Wednesday’s hearing is the second day of questioning, and the third day of hearings, after Jackson and the 22 members of the panel gave opening statements on Monday. On Thursday, the committee will hear from legal experts before an eventual vote to move her nomination to the Senate floor.
President Joe Biden chose Jackson in February, fulfilling a campaign pledge to nominate a Black woman to the Supreme Court for the first time in American history. She would take the seat of Justice Stephen Breyer, who announced in January that he would retire after 28 years on the court. Jackson would be the third Black justice, after Thurgood Marshall and Clarence Thomas, and the sixth woman.
Barring unexpected developments, Democrats who control the Senate by the slimmest of margins hope to wrap up Jackson’s confirmation before Easter, though Breyer is not leaving until the current session ends this summer.
Jackson said the potential to be the first Black woman on the court is “extremely meaningful” and that she had received many letters from young girls.
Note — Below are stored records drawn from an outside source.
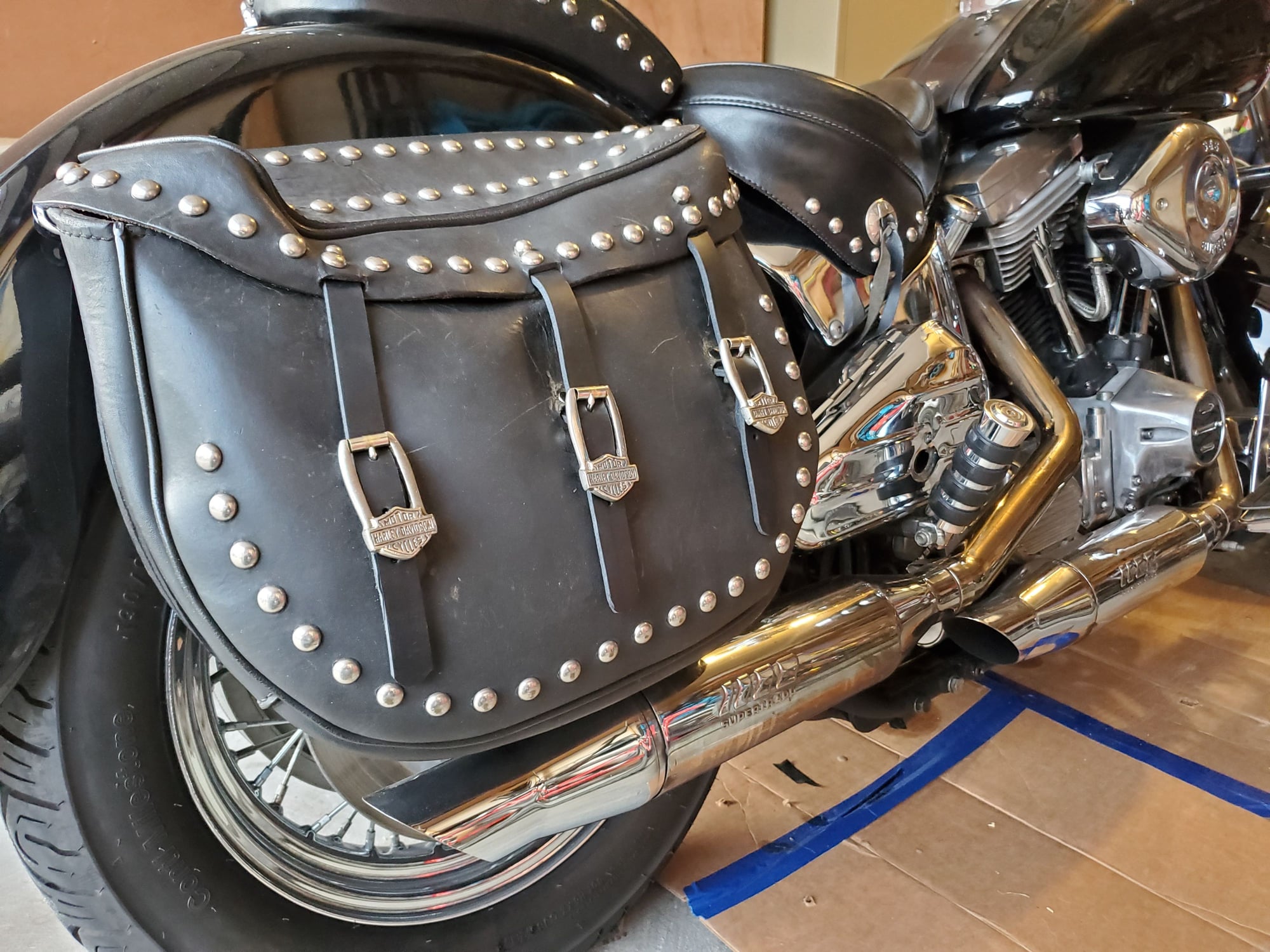 Two Replacement Saddlebag Straps for H-D Heritage Softail Classic
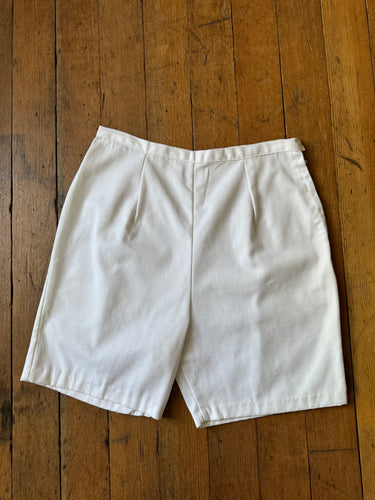 vintage 1960s white shorts {m}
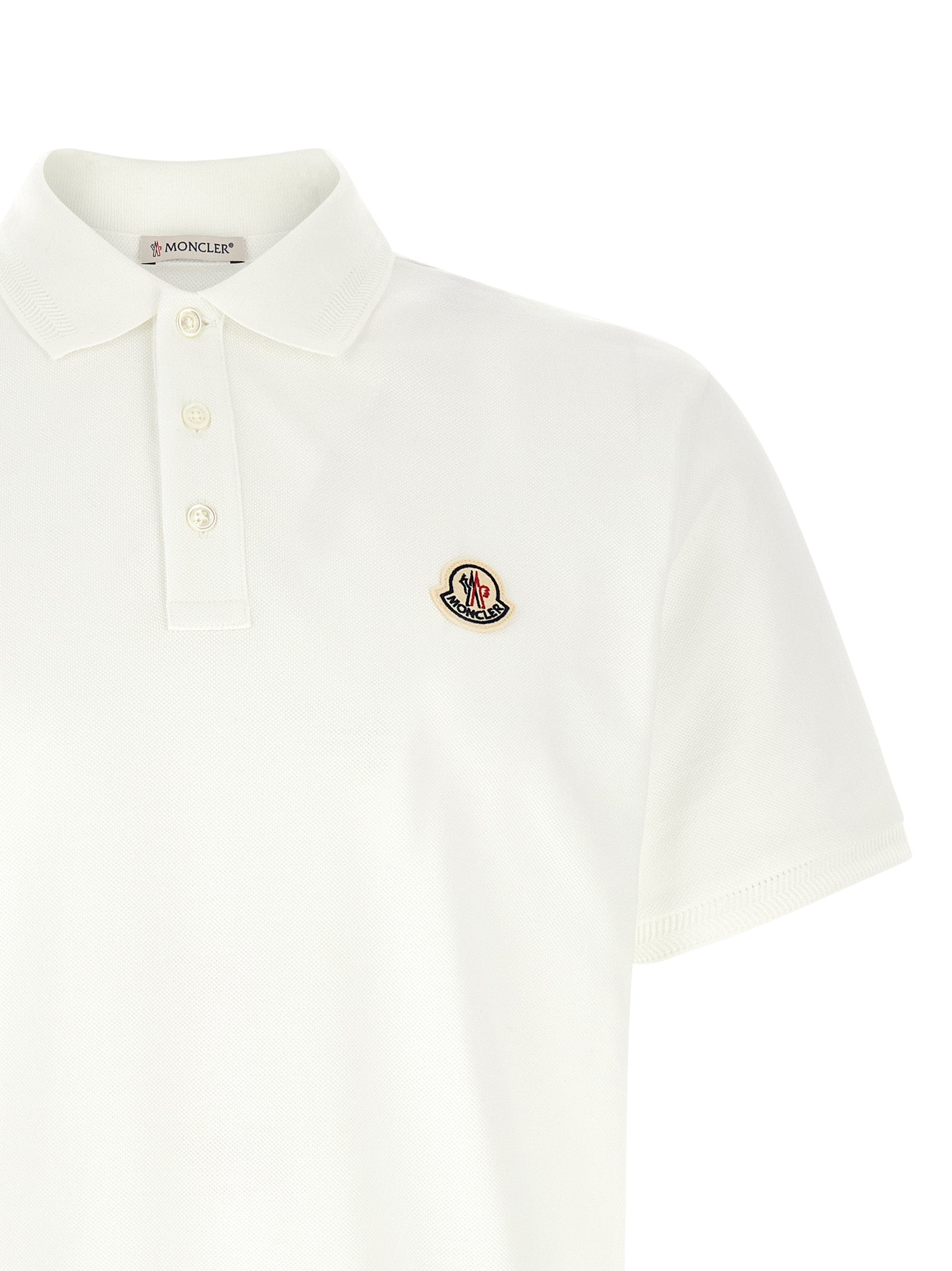 Weißes Poloshirt aus Baumwolle
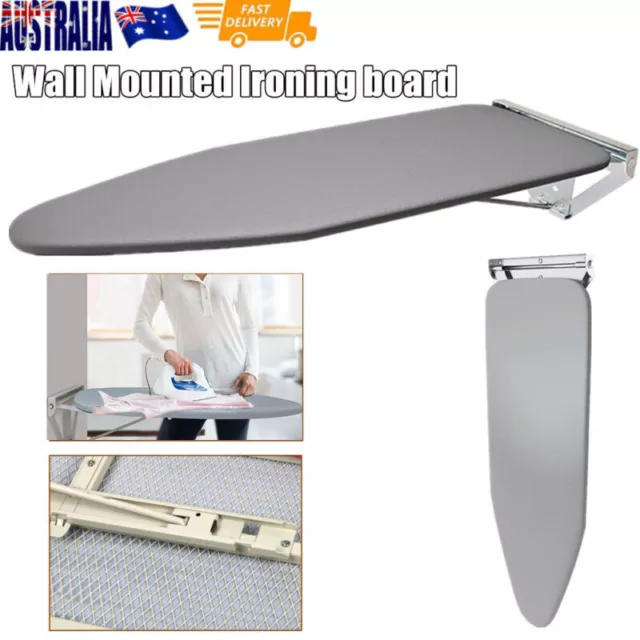 Folding Wall Mounted Ironing Board Space Saving For Dorm Home Tool AU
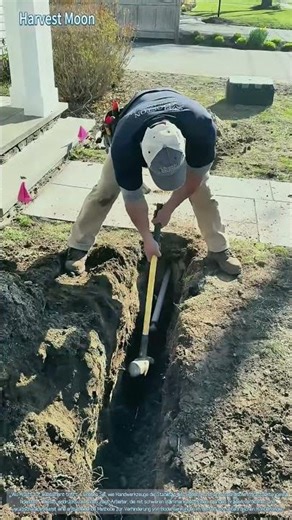 Manuelle Verdichtung von Gräben! Verfüllung von unterirdischen Leitungen
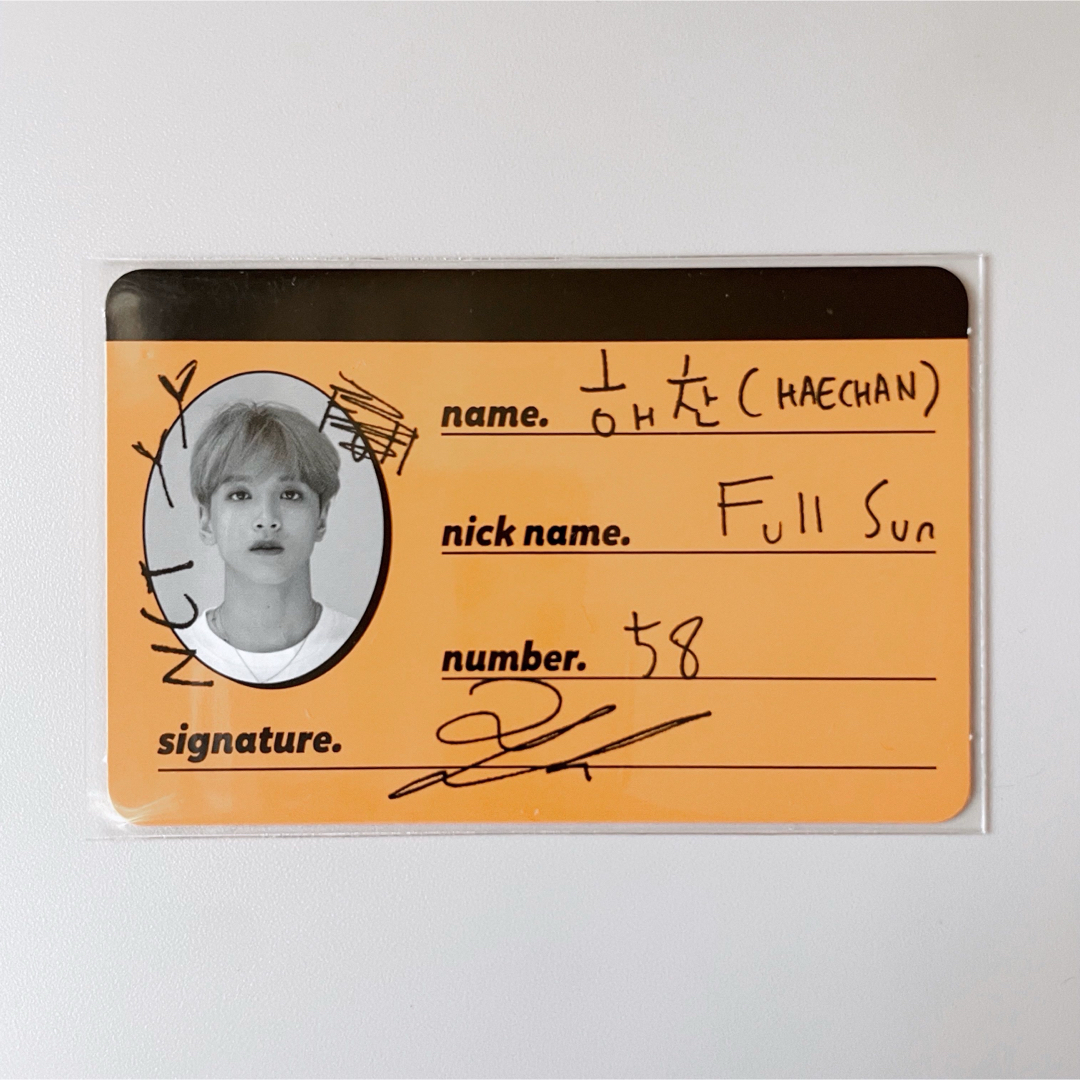 NCT - ♡ NCT DREAM ヘチャン トレカ We Go Up クルーカード NCT - ♡ NCT DREAM ヘチャン トレカ We Go Up クルーカード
Her nomination also “supports public confidence in the judiciary,” Jackson said.
Democrats have been full of praise for Biden’s Supreme Court nominee, noting that she would not only be the first Black woman but also the first public defender on the court, and the first with experience representing indigent criminal defendants since Marshall.
Republicans praised that experience, too, but also questioned it, focusing in particular on work she did roughly 15 years ago representing detainees at the U.S. facility in Guantanamo Bay, Cuba. Jackson said public defenders don’t pick their clients and are “standing up for the constitutional value of representation.” She said she continued to represent one client in private practice because her firm happened to be assigned his case.